To explore factors associated with depressive disorders in men and women, we constructed a logistic regression model stratified by gender with the following variables: age, living alone, being a widow or widower, diabetes, heart failure, angina pectoris, previous stroke, dementia, hypertension, chronic lung disease, and vision and hearing impairment. In the univariate analyses, several of these variables showed significant associations with depressive disorders in men and women, as well as significant differences between men and women with or without depressive disorders (Supplementary Table 2). Living alone, dementia and heart failure were significantly associated with depressive disorders in both men and women, whereas diabetes was inversely associated with depressive disorders in both groups. Age, angina pectoris and visual impairment were associated with depressive disorders exclusively in women, whereas being a widower was associated with depressive disorders only in men (Supplementary Table 2).

Factors associated with death within 2 years after inclusion in men and women

To explore mortality within 2 years after inclusion in the study, we constructed a Cox regression model with the following variables: living alone, being a widow or widower, diabetes, heart failure, angina pectoris, previous stroke, dementia, hypertension, chronic lung disease, vision and hearing impairment, and depressive disorders. Cox regression analysis showed that age, dementia, heart failure and depressive disorders were statistically significant predictors of mortality in men, with a 24% increased risk of death among men with depressive disorders. Age, dementia, diabetes and chronic lung disease were significant predictors of mortality in women. Depressive disorders and time to death showed no significant independent association in women (Table 2).
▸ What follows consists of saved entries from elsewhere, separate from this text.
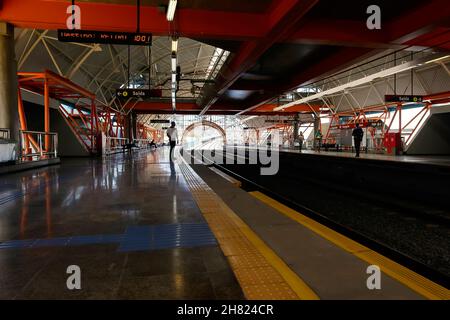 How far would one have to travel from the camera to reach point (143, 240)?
9.56 feet

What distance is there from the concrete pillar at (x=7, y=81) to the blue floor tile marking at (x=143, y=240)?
7.65 meters

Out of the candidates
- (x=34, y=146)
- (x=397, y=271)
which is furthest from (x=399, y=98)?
(x=34, y=146)

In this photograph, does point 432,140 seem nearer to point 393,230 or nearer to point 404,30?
point 404,30

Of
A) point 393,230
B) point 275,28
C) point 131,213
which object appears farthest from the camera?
point 275,28

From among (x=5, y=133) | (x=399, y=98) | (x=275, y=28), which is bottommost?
(x=5, y=133)

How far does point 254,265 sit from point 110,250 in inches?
49.4

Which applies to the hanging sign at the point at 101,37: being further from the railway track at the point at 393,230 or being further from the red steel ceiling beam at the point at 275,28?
the railway track at the point at 393,230

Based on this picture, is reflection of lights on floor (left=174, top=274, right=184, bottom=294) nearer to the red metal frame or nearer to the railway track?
the railway track

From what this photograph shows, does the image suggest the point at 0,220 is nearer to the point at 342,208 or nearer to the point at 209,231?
the point at 209,231

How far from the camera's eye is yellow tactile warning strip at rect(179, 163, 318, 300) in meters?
1.90

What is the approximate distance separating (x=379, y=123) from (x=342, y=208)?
17.8 metres

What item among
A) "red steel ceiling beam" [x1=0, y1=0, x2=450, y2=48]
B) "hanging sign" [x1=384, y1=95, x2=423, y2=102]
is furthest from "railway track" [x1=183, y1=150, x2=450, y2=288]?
"hanging sign" [x1=384, y1=95, x2=423, y2=102]

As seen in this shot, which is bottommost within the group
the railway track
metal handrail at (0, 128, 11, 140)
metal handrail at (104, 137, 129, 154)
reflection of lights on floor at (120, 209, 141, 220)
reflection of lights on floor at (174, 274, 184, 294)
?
the railway track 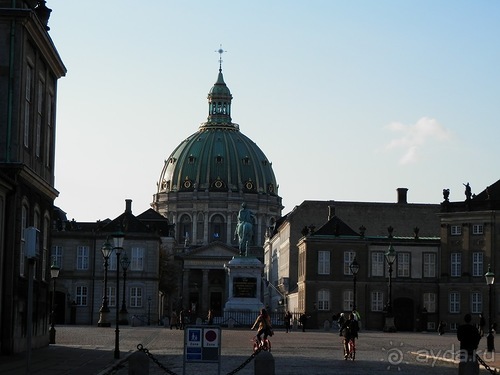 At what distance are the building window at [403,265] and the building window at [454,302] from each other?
4909 mm

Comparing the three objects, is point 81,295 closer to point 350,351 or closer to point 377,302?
point 377,302

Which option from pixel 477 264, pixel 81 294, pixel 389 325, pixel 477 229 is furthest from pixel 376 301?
pixel 81 294

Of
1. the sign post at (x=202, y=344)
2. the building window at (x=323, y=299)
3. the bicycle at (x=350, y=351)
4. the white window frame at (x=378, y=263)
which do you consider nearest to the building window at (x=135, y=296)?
the building window at (x=323, y=299)

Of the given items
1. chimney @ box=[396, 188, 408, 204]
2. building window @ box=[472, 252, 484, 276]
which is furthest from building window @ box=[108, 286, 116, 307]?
chimney @ box=[396, 188, 408, 204]

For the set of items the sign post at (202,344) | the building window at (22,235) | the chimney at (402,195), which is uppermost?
the chimney at (402,195)

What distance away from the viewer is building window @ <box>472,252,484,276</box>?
95750mm

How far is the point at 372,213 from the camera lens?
129 metres

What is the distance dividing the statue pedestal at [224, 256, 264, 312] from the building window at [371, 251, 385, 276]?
12195mm

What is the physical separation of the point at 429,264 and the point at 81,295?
96.0 feet

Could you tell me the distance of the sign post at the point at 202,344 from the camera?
27.9 meters

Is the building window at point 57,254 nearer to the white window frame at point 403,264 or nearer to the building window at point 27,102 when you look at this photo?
the white window frame at point 403,264

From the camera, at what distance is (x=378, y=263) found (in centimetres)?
10150

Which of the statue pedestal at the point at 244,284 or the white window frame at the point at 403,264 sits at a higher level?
the white window frame at the point at 403,264

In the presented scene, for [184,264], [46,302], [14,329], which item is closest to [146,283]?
[46,302] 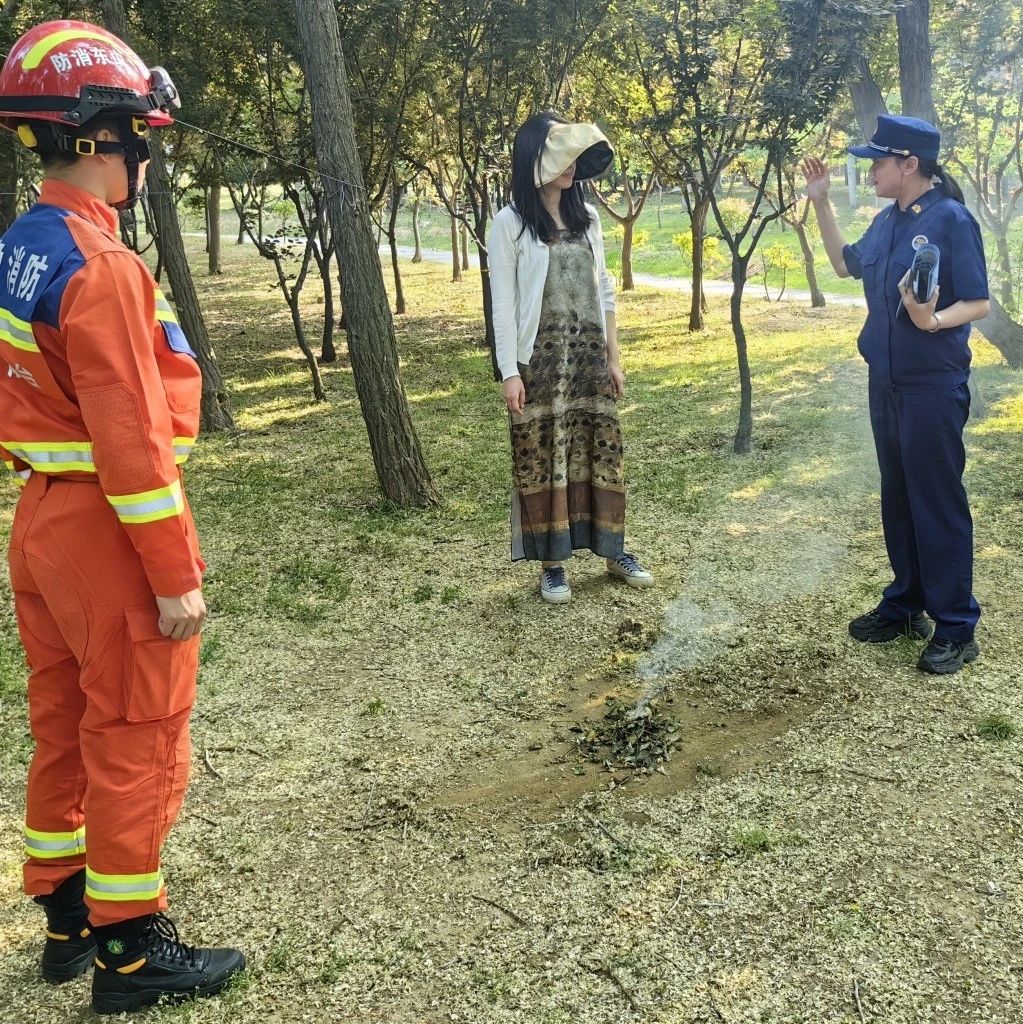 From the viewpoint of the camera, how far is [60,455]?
2002 millimetres

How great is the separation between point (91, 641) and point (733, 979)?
1672 mm

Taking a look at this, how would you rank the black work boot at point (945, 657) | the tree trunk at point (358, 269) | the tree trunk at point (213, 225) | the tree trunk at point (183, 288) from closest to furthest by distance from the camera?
the black work boot at point (945, 657)
the tree trunk at point (358, 269)
the tree trunk at point (183, 288)
the tree trunk at point (213, 225)

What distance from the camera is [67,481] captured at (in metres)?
2.03

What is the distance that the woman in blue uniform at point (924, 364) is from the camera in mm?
3314

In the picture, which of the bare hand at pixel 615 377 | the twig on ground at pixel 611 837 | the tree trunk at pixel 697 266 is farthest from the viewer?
the tree trunk at pixel 697 266

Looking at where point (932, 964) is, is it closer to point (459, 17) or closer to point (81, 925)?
point (81, 925)

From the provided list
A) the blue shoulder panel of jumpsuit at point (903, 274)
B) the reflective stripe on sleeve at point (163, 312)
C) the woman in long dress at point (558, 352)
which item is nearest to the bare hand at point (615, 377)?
the woman in long dress at point (558, 352)

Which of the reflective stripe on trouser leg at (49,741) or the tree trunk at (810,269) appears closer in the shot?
the reflective stripe on trouser leg at (49,741)

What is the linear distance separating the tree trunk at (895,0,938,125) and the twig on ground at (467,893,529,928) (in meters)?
6.43

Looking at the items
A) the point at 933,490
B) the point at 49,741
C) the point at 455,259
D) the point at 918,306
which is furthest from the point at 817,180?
the point at 455,259

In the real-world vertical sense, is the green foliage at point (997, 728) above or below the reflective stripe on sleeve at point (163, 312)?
below

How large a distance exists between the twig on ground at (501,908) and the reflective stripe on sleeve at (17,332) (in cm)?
177

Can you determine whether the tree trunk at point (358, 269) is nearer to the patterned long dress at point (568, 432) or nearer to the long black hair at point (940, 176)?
the patterned long dress at point (568, 432)

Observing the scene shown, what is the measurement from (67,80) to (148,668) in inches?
48.0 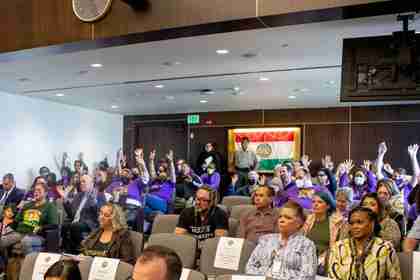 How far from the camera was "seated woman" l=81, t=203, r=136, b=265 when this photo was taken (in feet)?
11.7

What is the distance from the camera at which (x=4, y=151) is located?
29.5 ft

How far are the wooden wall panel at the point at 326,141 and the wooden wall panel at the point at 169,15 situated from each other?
7511mm

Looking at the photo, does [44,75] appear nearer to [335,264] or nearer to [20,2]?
[20,2]

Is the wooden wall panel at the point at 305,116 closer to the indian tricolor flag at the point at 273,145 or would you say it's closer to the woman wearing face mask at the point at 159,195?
the indian tricolor flag at the point at 273,145

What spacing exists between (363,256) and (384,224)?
0.97 meters

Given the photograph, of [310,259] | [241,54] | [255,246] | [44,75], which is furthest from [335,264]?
[44,75]

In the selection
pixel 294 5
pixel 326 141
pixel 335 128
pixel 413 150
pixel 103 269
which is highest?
pixel 294 5

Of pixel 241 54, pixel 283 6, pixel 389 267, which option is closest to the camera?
pixel 389 267

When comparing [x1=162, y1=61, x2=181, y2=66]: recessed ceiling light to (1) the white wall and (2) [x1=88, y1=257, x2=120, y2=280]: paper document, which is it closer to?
(2) [x1=88, y1=257, x2=120, y2=280]: paper document

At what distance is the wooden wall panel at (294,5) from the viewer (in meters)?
2.95

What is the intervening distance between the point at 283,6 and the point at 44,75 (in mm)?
5204

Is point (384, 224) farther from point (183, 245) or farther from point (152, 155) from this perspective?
point (152, 155)

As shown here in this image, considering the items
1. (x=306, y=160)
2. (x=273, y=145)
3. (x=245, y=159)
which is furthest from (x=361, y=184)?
(x=245, y=159)

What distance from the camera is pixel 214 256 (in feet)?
10.8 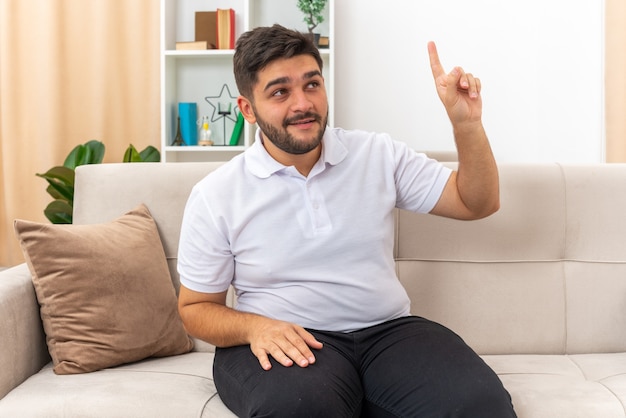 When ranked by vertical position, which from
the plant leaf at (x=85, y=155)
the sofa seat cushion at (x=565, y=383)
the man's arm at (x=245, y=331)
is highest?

Table 2 Results of the multivariate Cox regression model – factors associated with death within 2 years after inclusion in men and women

a. Bold text indicates statistical significance (P < 0.05).

Survival differences between participants with and without a depressive disorder, stratified by gender

Kaplan–Meier curves were constructed and used to compare survival rates between groups. Participants with a depressive disorder had higher mortality compared with those without a depressive disorder (log-rank P < 0.001), men with a depressive disorder had higher mortality compared with women with a depressive disorder (log-rank P = 0.004), men with a depressive disorder had higher mortality than men without depressive disorders (log-rank P < 0.001) and women with a depressive disorder had higher mortality than women without depressive disorders (log-rank P < 0.001) (Fig. 1). Complementary analysis of 1-year survival revealed similar trends, with men diagnosed with depressive disorders having approximately twice the risk of mortality of those without depressive disorders (log-rank P < 0.001).

Fig. 1 Two-year survival curves comparing participants with no depressive disorders versus those with depressive disorders. Results are presented for all participants with and without a depressive disorder, men and women with a depressive disorder, and in subgroups of women and men with and without a depressive disorder.

Participants with and without antidepressant treatment

Data on medication use were available for 907 of the 918 participants with a depressive disorder. Of these 907 participants, 485 individuals (53.5%) were treated with antidepressants, whereas 422 (46.5%) were not treated with antidepressants. According to our descriptive analyses of the differences between participants with and without antidepressant treatment, the treated group had a significantly lower mean age compared with the untreated group (90.2 v. 90.8%, P = 0.05). Previous stroke and dementia were significantly more prevalent in the treatment group (21.4 v. 14.5%, P = 0.01 and 62.1 v. 46.3%, P ≤ 0.001, respectively). Previous malignancy was the only diagnosis significantly more prevalent in the untreated group (20.0 v. 14.5%, P = 0.03) (Supplementary Table 3). Women tended to be treated with antidepressants more often than men (55 v. 47%), although the difference was not statistically significant (P = 0.077). Kaplan–Meier curves were constructed to compare survival rates between those who received antidepressant and those who did not, as well as between responders and non-responders to antidepressants. Mortality rates were significantly higher among participants with a depressive disorder and antidepressant treatment compared with those without (log-rank P = 0.006), in women with a depressive disorder and antidepressant treatment compared with those with a depressive disorder and no antidepressant treatment (log-rank P = 0.024), and in men with a depressive disorder and antidepressant treatment compared with men with a depressive disorder and no antidepressant treatment (log-rank P = 0.041) (Fig. 2). However, a complimentary analysis using Cox regression and adjusting for the variables shown in Table 2 found no independent association between antidepressant treatment and mortality (data not presented in tables).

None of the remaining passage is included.